Internet Data Mining for Investment Analysis
CaroKann writes "Reuters is reporting on a Wall Street investment research company, Majestic Research, that is using web crawling techniques to track business performance. Instead of attempting to estimate business conditions by talking to company management, or pounding the pavement visiting stores, this company uses data mining systems to collect real-time sales data and other information on companies that have a web presence. Using this data, Majestic attempts to estimate company earnings more accurately than traditional research outfits."
I wrote a project in perl some years ago that would download online financial news stories and count the critical words and weigh their connotational weight, and compare that to the direction of the stock market. For example, if the words "stocks" and "down" started showing up a lot in sentences in online news stories, you might expect a downward trend.

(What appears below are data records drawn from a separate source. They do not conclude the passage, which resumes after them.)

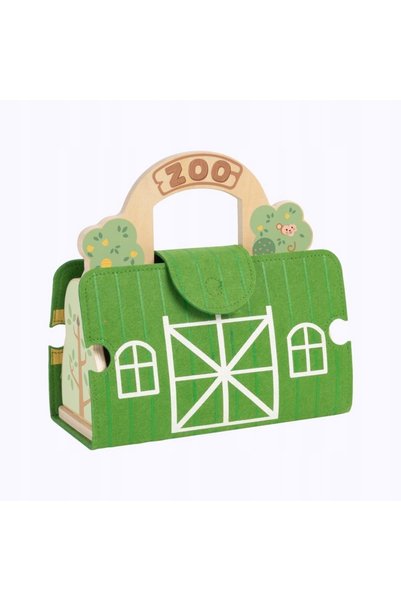 Tooky Toy Set Mini ZOO portabil cu animale în geantă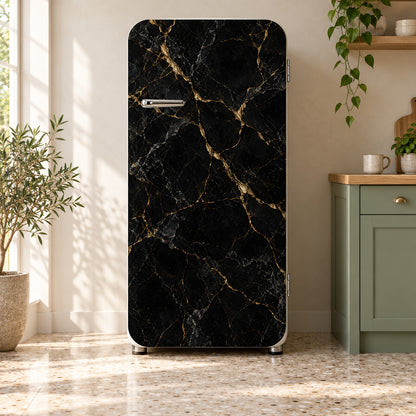 Kintsugi Marble fridge wrap on a retro refrigerator
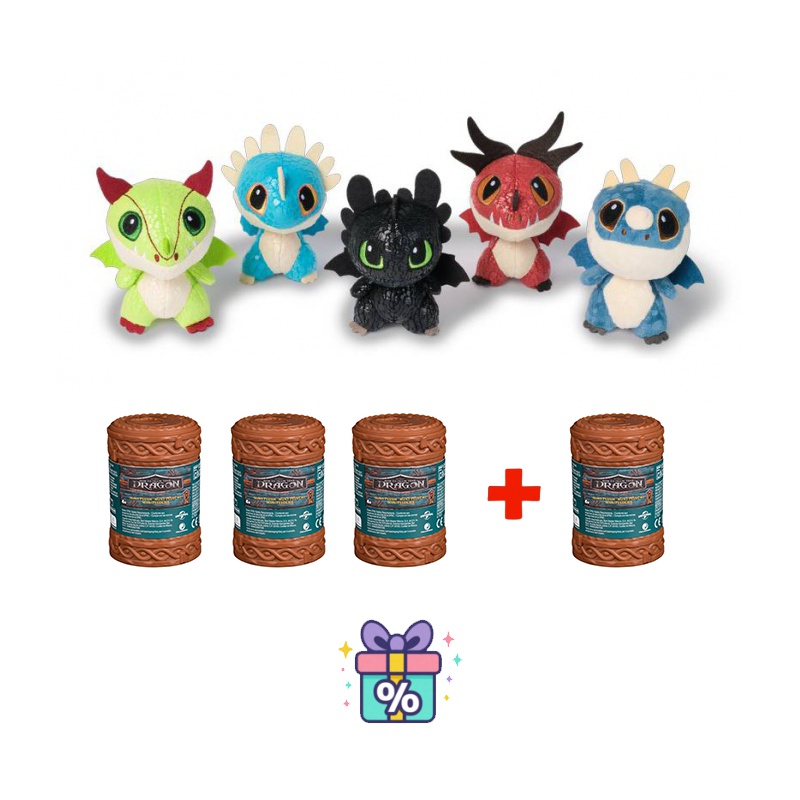 AKCIJA 3+1 gratis: Kako izdresirati zmaja - 4 plišana zmaja u buretu po cijeni 3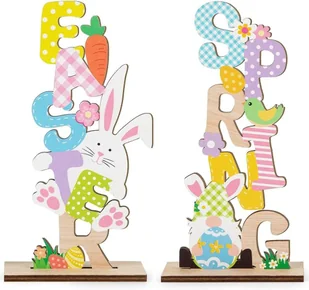 Tabliczki dekoracyjne na stół wielkanocne drewniane 18cm 2szt - Tablice i flipcharty - miniaturka - grafika 1
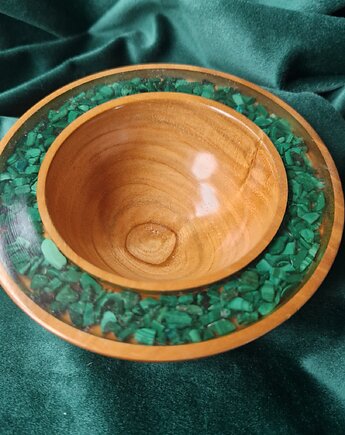 Miseczka z wiśni inkrustowana malachitem, Fairytalewood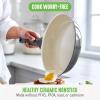 imageGreenLife Arte 8 Piece Ceramic Nonstick Cookware Pots and Pans Set Induction Suitable PFOA ampamp PFAS Free Wood Print Handles Glass Lids Stock Saucepans ampamp Frying Pans Dishwasher Safe Speckled CreamGraphite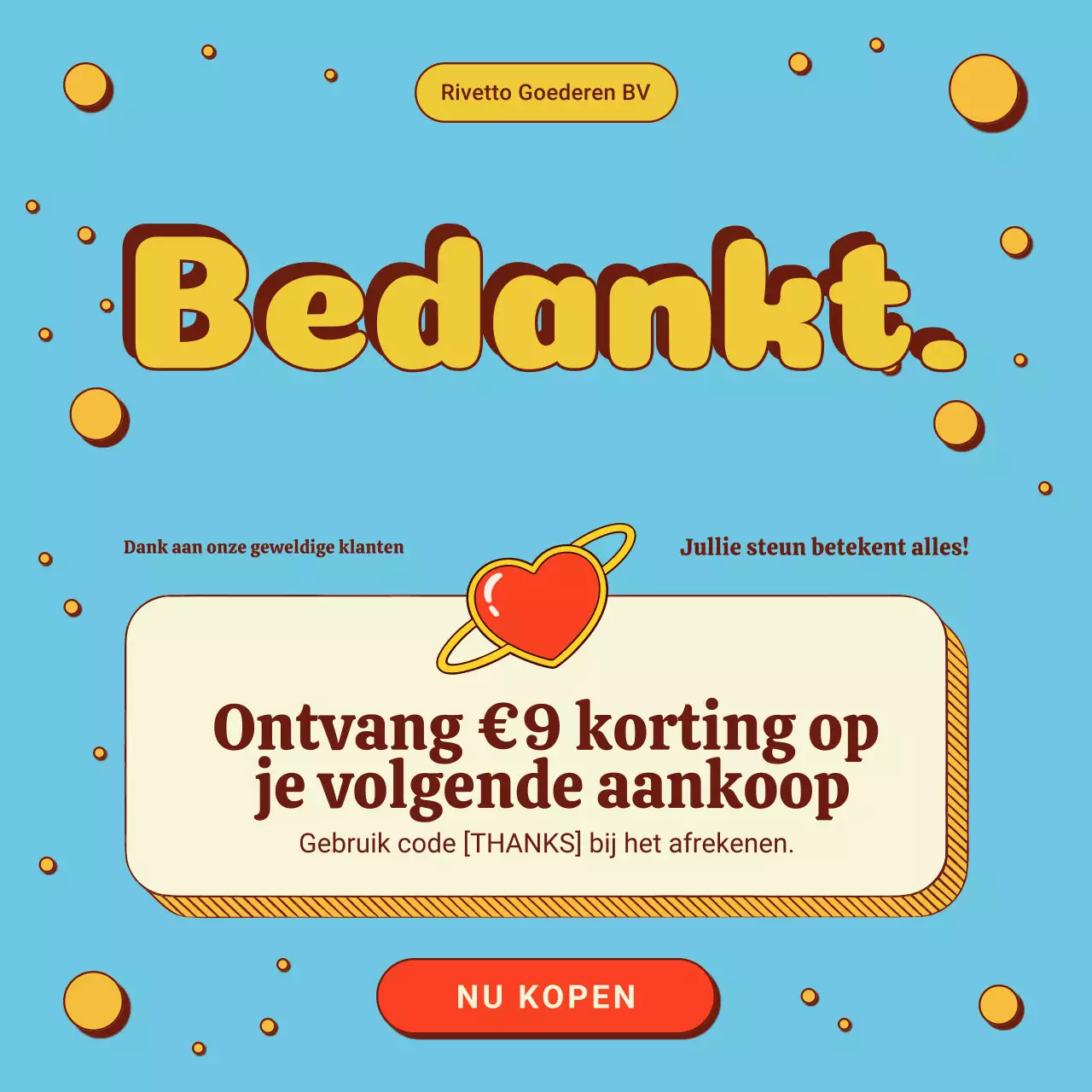 Blauwe retro bedanktactie Instagram-post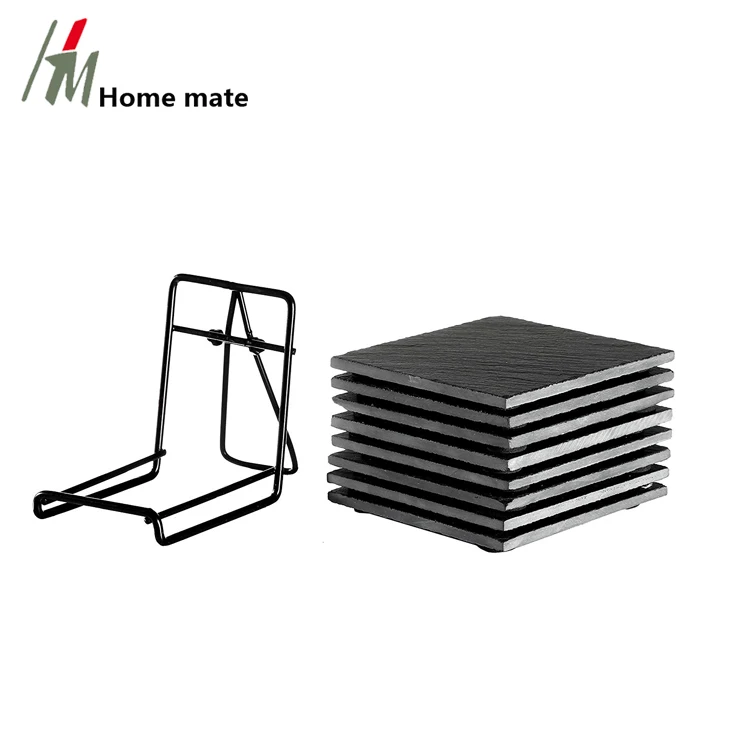 Черные подставки для напитков с натуральными камнями сланцевый набор квадратных подставок черным металлическим держателем бара и дома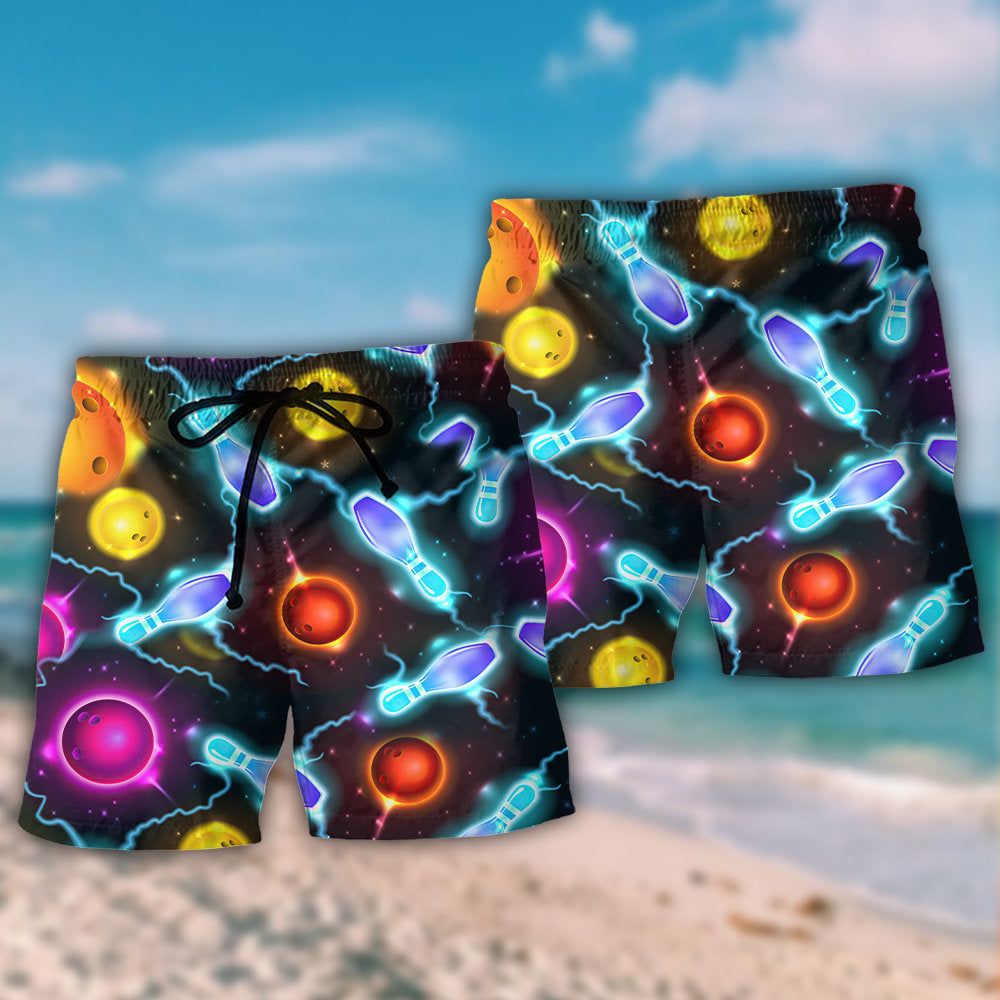Bowling Ball And Pins Amazing Galaxy Trendy Aloha Hawaiian Beach Shorts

I posted the preliminary code online in the perl newsgroup.
google "data mining" "news" "perl" etc
eat shiat and bark at the moon
A friend of mine has developed software that goes even further. It parses streaming news stories for good/bad news and executes orders before humans even finish reading. That advantage is enough to make this company a mint.
Having spoken to the company, I'll call your bull call. There are good proxies for retail sales data available from/over the web - how significant a channel is Amazon for some manufacturers? I don't doubt you can licence all kinds of goodness from other online properties - how about cars.com? Also TFA isn't entirely accurate. As well as data mining the internet, they also have access to a large number of proprietary (& $$) data sources - the drug prescription data you mention comes from companies like IMS Health & ImpactRX.
Stop whoring! AC me up Scotty!
Computers should be able to give a much more unbiased assessment of the economy than any person ever could. People are essentially incapable of interpreting economic data in a straightforward way, political agendas always seem to work their way into economists opinions about the economy. By using algorithms to do the analysis (and allowing market forces to refine those algorithms), we should be able to get a much better understanding of the REAL economy.
This is a good thing for mankind.
So you wrote a program that would read some stories that said the stock market was going down, and it told you the market was down? Did your program also see if weather news reports contained words like "rain" and "downpour" and hence "predict" rain?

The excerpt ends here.